Specialist01: Maths for Energy
Dr Vassilios Dallas
Maths for Energy will examine four major energy topics: oil extraction, photovoltaic devices, boiler dynamics and energy storage. For each topic, we will discuss the high level issues and then focus on specific problems where the use of mathematics provides useful insight. Examples will include water intrusion in porous media, solar cell device behaviour, multiphase flow, and battery electrochemistry. Mathematical techniques that will be employed include: WKB, homogenisation and singular perturbations.
Specialist02: Continuum Models in Industry
Dr Ian Griffiths
This course introduces students to advanced theoretical methods for building, simplifying and analysing mathematical models based on differential equations. Practical industrial problems will be use to motivate each of the models and techniques. Many industrial processes involve free boundary problems, where the shape of the region in which the equations are posed must be determined as part of the solution. These will be motivated and studied using real-world examples including welding and electropainting. Perturbation methods are key to analysing and simplifying such problems. In examples such as engine bearings, coating flows and optical fibre drawing, the geometry is thin and geometrical reduction is possible using lubrication theory. On the other hand, problems such as filtration and bubbles in liquid glass involve thin obstacles or inclusions which can be analysed using slender body theory. The study of thin elastic objects such as beams, rods and plates will be motivated by industrial processes involving rope, hair, cables and disk drives. Finally, models involving nonlinear waves and friction will be motivated by problems including river flow and high-speed trains in tunnels.

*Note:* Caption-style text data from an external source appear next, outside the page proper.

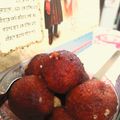 Riya Samadder's cooksnap of when they made সুজির গুলাব জামুন (soojir gulab jamun recipe in Bengali).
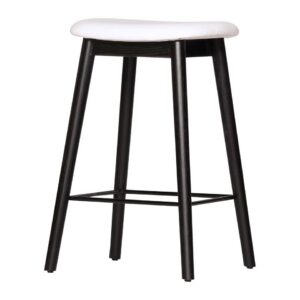Aloha Low Barstool Black/White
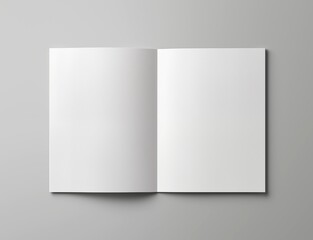 Open book mockup with gray background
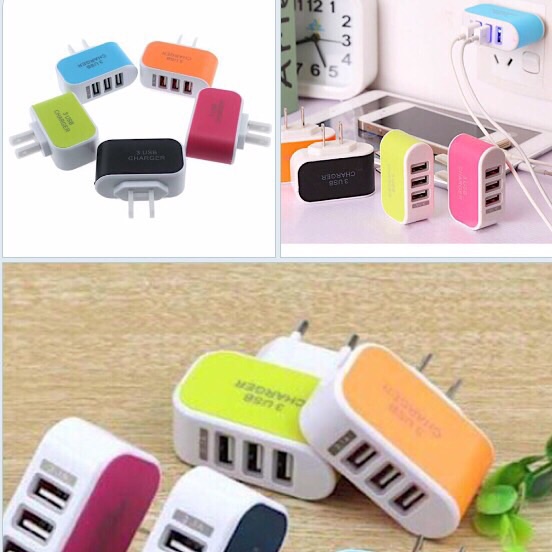 Củ sạc 3 cổng USB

Specialist03: Contemporary Numerical Techniques
Prof Cartis, Dr Haji-Ali, Dr Ruiz Baier, Prof Tanner
The course will examine four major numerical topics: optimisation, partial differential equations, linear algebra and Monte Carlo simulation. For each topic, industrial problems will be used to motivate concepts including, for example, demand forecasting for supermarkets, processing and displaying data on curved surfaces, the “Netflix” challenge, uncertainty quantification and the solution of large-scale fluid problems. Numerical techniques that will be used include descent methods, optimisation of expensive functions, stochastic differential equations, high dimension PDEs, matrix completion, approximation, factorisation, stochastic estimation, numerical linear algebra, finite differences, and interpolation schemes.
Specialist04: Mathematical Analytics
This course addresses short- and long-term challenges arising in customer-facing industries and will exploit data available from shopping baskets, twitter, mobile telecoms and energy demands. The course will start with probability, covers graphs and their application to social networks, looks at dynamically evolving networks, clustering and classification, hypothesis testing and forecasting.